[TASK DIRECTIONS]
Show each line of the data below in which "Villa" occurs.

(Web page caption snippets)
◆ ◆ ◆ ◆

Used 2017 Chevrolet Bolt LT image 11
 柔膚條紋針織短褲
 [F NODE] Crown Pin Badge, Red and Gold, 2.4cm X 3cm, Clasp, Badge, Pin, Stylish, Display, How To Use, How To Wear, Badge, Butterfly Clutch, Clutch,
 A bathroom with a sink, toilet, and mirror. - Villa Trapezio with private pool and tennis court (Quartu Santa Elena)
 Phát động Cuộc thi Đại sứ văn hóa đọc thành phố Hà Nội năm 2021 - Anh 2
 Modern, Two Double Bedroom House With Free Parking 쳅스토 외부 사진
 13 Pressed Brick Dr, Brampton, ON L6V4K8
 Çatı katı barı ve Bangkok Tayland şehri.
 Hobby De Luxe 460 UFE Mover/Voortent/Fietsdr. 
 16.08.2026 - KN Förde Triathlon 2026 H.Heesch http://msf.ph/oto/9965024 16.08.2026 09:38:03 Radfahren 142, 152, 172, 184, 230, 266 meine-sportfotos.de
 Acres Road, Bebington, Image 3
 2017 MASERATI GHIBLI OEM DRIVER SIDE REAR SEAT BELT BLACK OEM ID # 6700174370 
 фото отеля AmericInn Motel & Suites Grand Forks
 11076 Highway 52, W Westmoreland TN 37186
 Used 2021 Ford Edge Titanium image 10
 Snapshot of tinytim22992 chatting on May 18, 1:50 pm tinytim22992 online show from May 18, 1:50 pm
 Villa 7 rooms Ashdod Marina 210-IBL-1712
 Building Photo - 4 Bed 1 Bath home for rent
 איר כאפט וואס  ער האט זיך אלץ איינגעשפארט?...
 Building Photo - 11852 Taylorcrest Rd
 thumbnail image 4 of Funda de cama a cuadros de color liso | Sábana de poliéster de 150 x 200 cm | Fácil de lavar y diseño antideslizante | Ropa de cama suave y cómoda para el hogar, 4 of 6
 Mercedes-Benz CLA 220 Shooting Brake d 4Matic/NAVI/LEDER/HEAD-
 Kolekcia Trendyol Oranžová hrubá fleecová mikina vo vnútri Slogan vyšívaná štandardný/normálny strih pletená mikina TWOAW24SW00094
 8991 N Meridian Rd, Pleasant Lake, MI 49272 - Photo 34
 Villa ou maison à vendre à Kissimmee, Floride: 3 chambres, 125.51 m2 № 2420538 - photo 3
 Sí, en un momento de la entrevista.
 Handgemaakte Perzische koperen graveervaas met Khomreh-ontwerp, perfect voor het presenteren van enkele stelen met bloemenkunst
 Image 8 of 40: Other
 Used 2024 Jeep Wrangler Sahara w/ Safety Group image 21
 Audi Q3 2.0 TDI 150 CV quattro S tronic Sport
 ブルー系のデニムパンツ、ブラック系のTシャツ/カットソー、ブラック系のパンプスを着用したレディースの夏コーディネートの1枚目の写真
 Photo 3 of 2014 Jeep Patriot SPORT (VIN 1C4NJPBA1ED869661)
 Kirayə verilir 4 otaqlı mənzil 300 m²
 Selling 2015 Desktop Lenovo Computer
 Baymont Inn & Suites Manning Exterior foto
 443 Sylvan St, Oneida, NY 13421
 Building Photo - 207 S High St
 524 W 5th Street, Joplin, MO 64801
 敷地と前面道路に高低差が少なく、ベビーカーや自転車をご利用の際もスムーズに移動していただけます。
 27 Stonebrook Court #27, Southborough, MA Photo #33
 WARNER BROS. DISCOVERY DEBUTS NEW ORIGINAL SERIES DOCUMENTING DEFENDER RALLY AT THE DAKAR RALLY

◆ ◆ ◆ ◆

[SOLUTION FOR THIS TASK]
 A bathroom with a sink, toilet, and mirror. - Villa Trapezio with private pool and tennis court (Quartu Santa Elena)
 Villa 7 rooms Ashdod Marina 210-IBL-1712
 Villa ou maison à vendre à Kissimmee, Floride: 3 chambres, 125.51 m2 № 2420538 - photo 3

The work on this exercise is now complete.